Quote the listing below in full and exactly as written, but omit every picture.

Exercise data:
━━━━━━━━━━━━━━━━
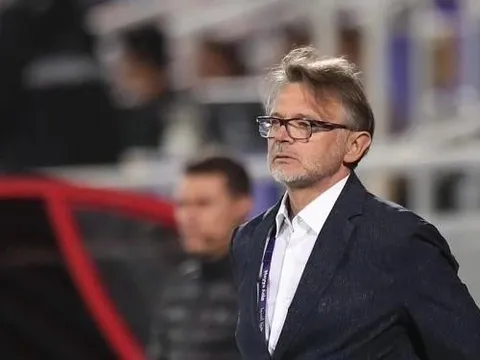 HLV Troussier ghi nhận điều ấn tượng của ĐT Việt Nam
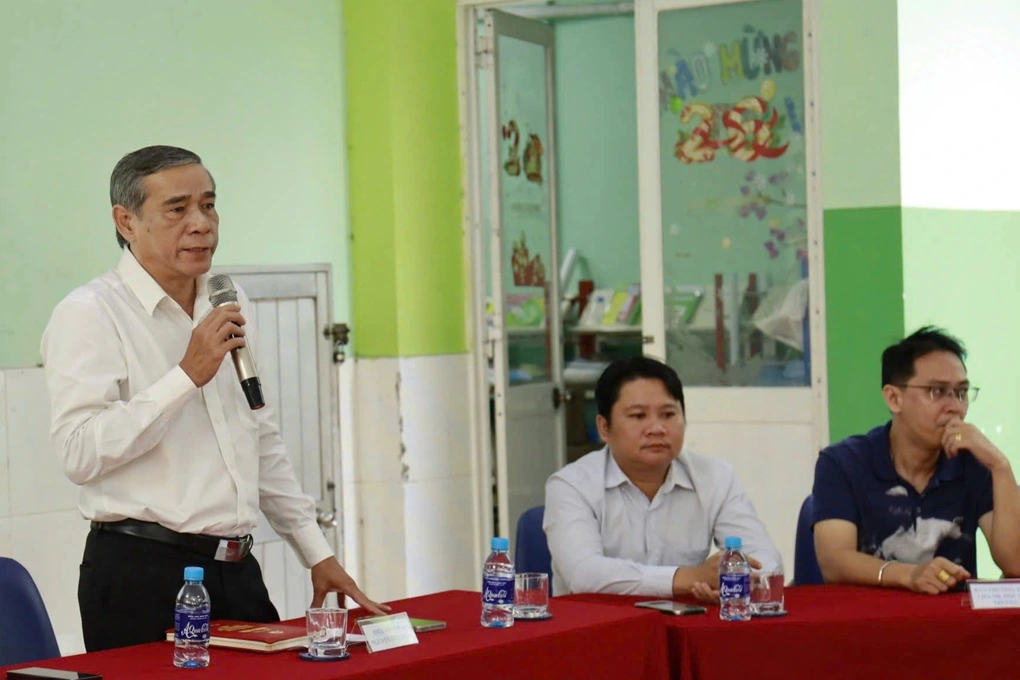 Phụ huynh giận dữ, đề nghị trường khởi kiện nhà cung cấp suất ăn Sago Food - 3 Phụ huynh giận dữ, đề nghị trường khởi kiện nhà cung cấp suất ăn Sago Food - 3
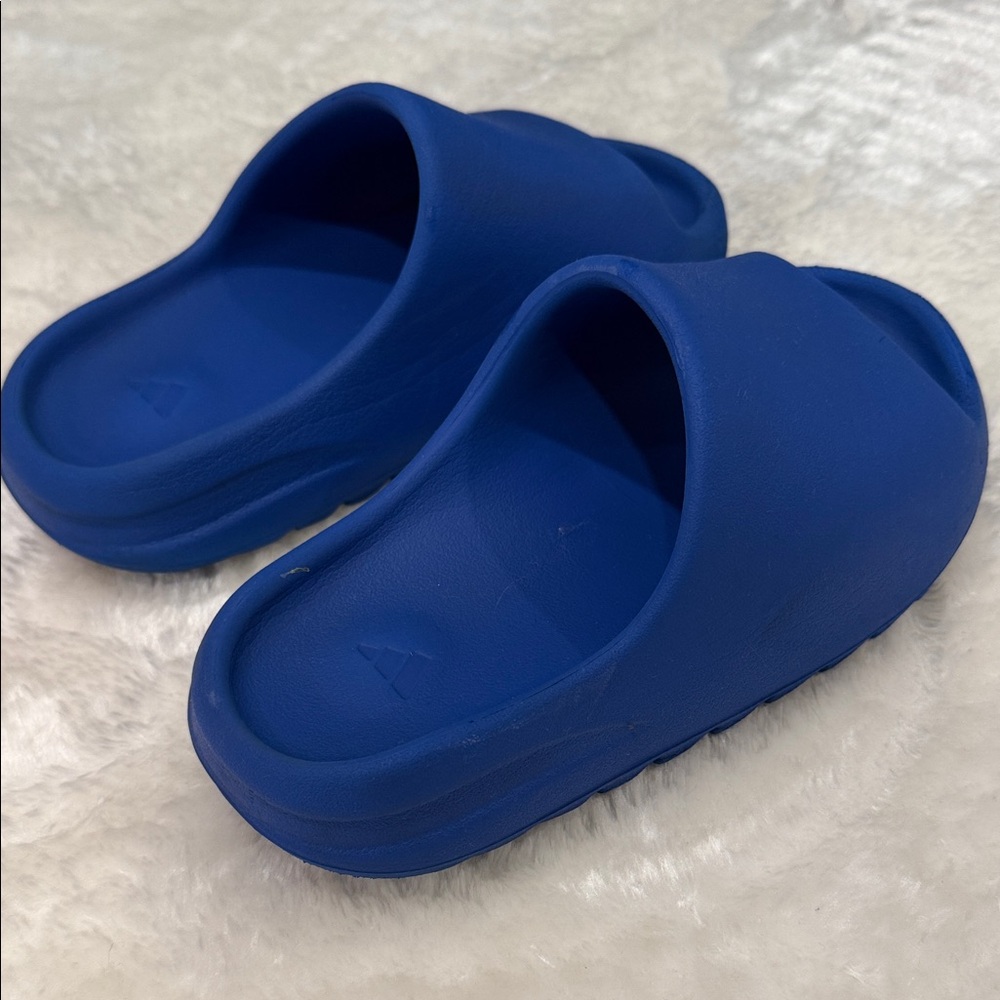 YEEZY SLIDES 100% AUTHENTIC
━━━━━━━━━━━━━━━━
Solved problem:
 HLV Troussier ghi nhận điều ấn tượng của ĐT Việt Nam
 Phụ huynh giận dữ, đề nghị trường khởi kiện nhà cung cấp suất ăn Sago Food - 3 Phụ huynh giận dữ, đề nghị trường khởi kiện nhà cung cấp suất ăn Sago Food - 3
 YEEZY SLIDES 100% AUTHENTIC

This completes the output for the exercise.